Poseidon Movie Review

When an actor is made to dive into flaming water and succeed in swimming impossible distances or be burned trying, the film capturing it is documentary. Director Wolfgang Petersen (Troy, Air Force One) gave his eight leading actors catastrophic situations, filmed their heroic struggles and dangers in fulfilling the conditions of the scripted events and called it Poseidon.

Poseidon starts out as fiction. And at the start, the cinematography of John Seale (Harry Potter and the Sorcerer’s Stone) calls to mind the innovative opening shots of Master and Commander, which reinforces the illusion of fiction. The fiction is further developed as the character whom the principal actors play are introduced and set up in relation to each other. Then the disaster strikes, bringing to mind the disaster sequence in Titanic, and these characters are thrown into situations that are so demanding that the separation between actor and character is but a thin, thin veneer, which is sometimes broken through.

A luxury cruise ship is at sea with a full passenger list and a beautiful singer (Stacy Ferguson) to entertain the passengers in grand latin-rhythm style. A gambler (Josh Lucas) is aboard, seated at the Captain’s table, along with a beautiful young, composed, self-confident single mother (Jacinda Barrett), her only child a precocious and uninhibited boy of about 9-years old (Jimmy Bennett). At another table is seated a group of business associates, one of whom (Richard Dreyfuss) treats the others lavishly and then takes a near-fateful walk. At an after-dinner card table the gambler faces an ex-fireman cum ex-mayor of New York (Kurt Russell) who is traveling with his college-age daughter (Emmy Rossum) and her adoring, gentlemanly boyfriend (Mike Vogel). Without her father’s knowledge, as yet, she has accepted the young man’s proposal of marriage. A young waiter (Freddy Rodriguez) makes himself useful to these guests, as needed, and to a young woman who is trying to make her way to New York (Mia Maestro) whom he has smuggled aboard.

From out of nowhere a murderous rouge wave appears. The crew in the control room do their best to execute saving maneuvers…and the wave hits. Thus is begun the fate of the Poseidon and of the eight people who by chance come together for one fateful, extraordinarily well documented adventure as they try to fight a path to the uppermost layers of the upturned luxury ship.

The directing, cinematography, and editing (Peter Honess) in this film work together flawlessly to capture the events and emotions, choices and tragedies of people (hmm…why didn’t I say characters?) facing impossible situations and…well do they come through them to safety? And, as to their roles, where do the characters end and the individuals show through? I’m sure you can point to each exact spot.

The actors are all courageous as well as talented. Josh Lucas showed his inner steel and fire in Glory Road in the many close-ups meant to capture just that. Petersen draws on this and expands it, taking Lucas’s display of inner strengths to their ultimate extension. And Lucas passes the test of valor he is put through. So as not to spoil anything, I’ll let you make your own decisions about his character, Dylan Johns. Emmy Rossum already showed her courage and stamina in Phantom of the Opera and Day After Tomorrow; and in Poseidon she is given a chance to show even more as daughter, Jennifer Ramsey. Kurt Russell, as Robert Ramsey, delivers one moment that ought to live as one of the greatest moments in film history, when all he says is “Thank you.” All of the others are equally laudable in their portrayals, from the Captain (Andre Braugher) to the drunken rouge (Kevin Dillon). There is just one false note (and it can be forgiven).
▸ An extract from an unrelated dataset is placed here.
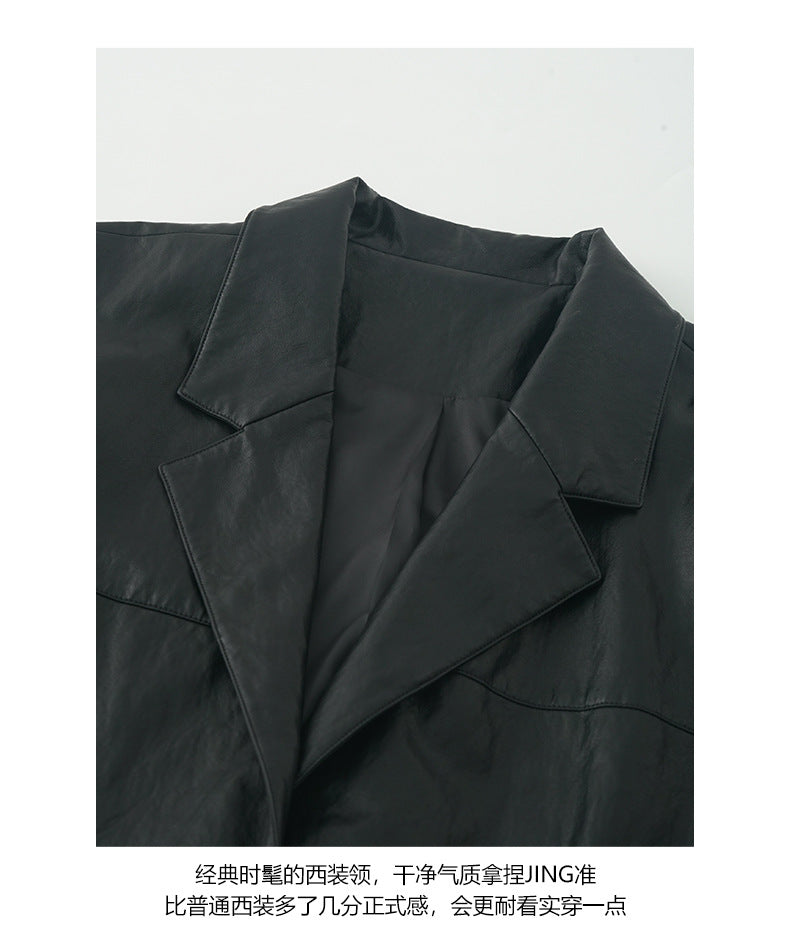 【H5398】實拍韓系高級感黑色皮衣西裝外套250902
The young mother, Maggie James, played by Jacinda Barrett, just doesn’t display the real feelings of terror a devoted mother would feel if her son wandered away in a life and death emergency situation, especially if he wandered away…again.

The character development represented a tight collaborative effort between Petersen and screenplay writer, new-comer, Mark Protosevich. The introduction, brief as it is, strongly establishes the personalties of the eight principals. As they go through their trials by fire, things change, and in the end, each one has been turned inside out. In the end each is adorned by her or his true inner nature and humanity. This is the most authentic revelation of the best in human truth that I have ever seen. Remarkable achievement.

In short, when you get to the ending and see this character development and truly know these people inside and out, you forgive the opening, smacking as it does of imitations. You come to see that Poseidon is nothing like other movies; Poseidon is an entity unto itself.

The biggest question I have is about the wisdom (and sanity) of bringing Reality TV principles onto the big screen. So much more is at stake in big explosive movies. I’d like to rate Poseidon very highly because of its true excellence, but I must rate it lower because of the reckless way it abandons the sanctity of human life (as with The Da Vinci Code which abandoned the sanctity of the human psyche). Should you see it? Yes! Should you approve it? No! Should there be more like this fiction/ documentary from the mind and hand of Petersen or others? Absolutely not. So how many stars does that add up to? Excellence mixed with the unconscionable? Two stars.